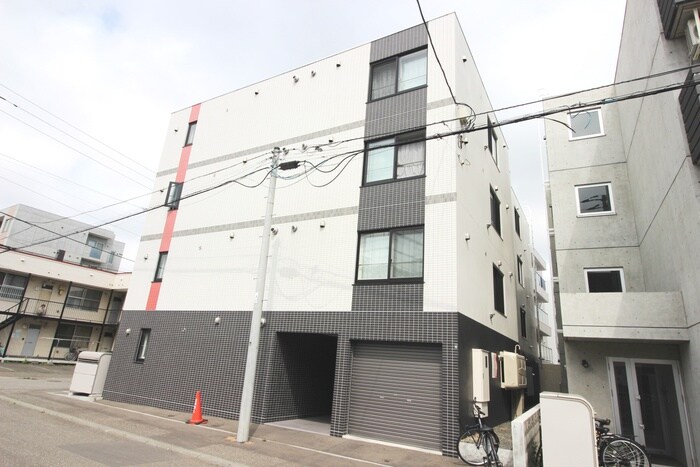 ラグジースペース平岸の物件外観写真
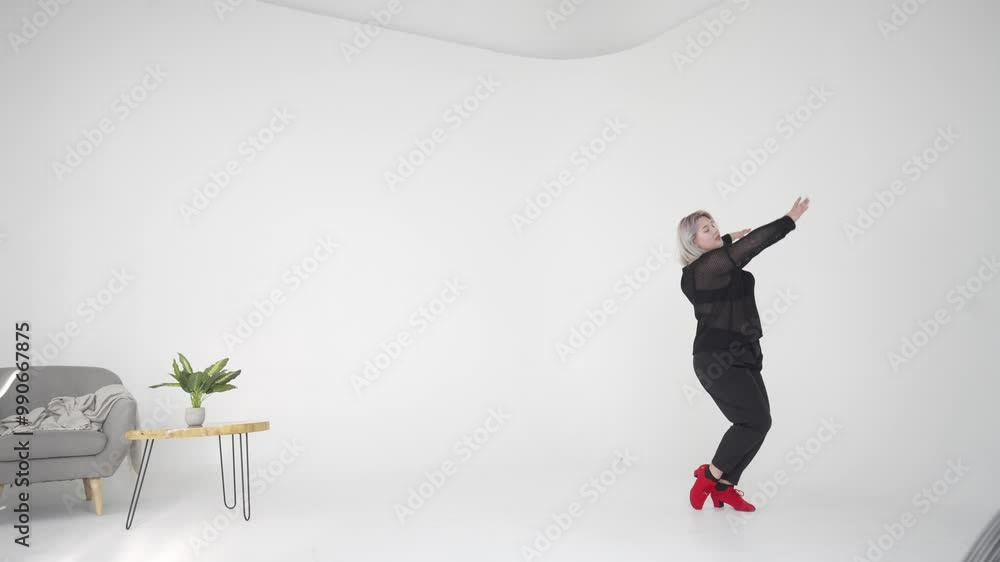 A Stylish Dance Performance Set in an Impressive Minimalist Space With Contemporary Elements A Stylish Dance Performance Set in an Impressive Minimalist Space With Contemporary Elements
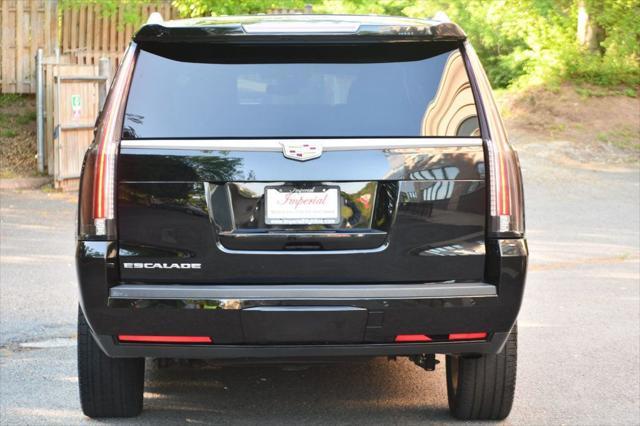 used 2020 Cadillac Escalade ESV car, priced at $39,995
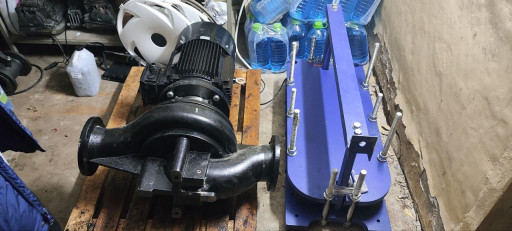 Продается Циркуляционный​ насос тd 125-28G/4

Directions -
The material should be returned verbatim, with all images omitted.

Result for this task -
 ラグジースペース平岸の物件外観写真
 A Stylish Dance Performance Set in an Impressive Minimalist Space With Contemporary Elements A Stylish Dance Performance Set in an Impressive Minimalist Space With Contemporary Elements
 used 2020 Cadillac Escalade ESV car, priced at $39,995
 Продается Циркуляционный​ насос тd 125-28G/4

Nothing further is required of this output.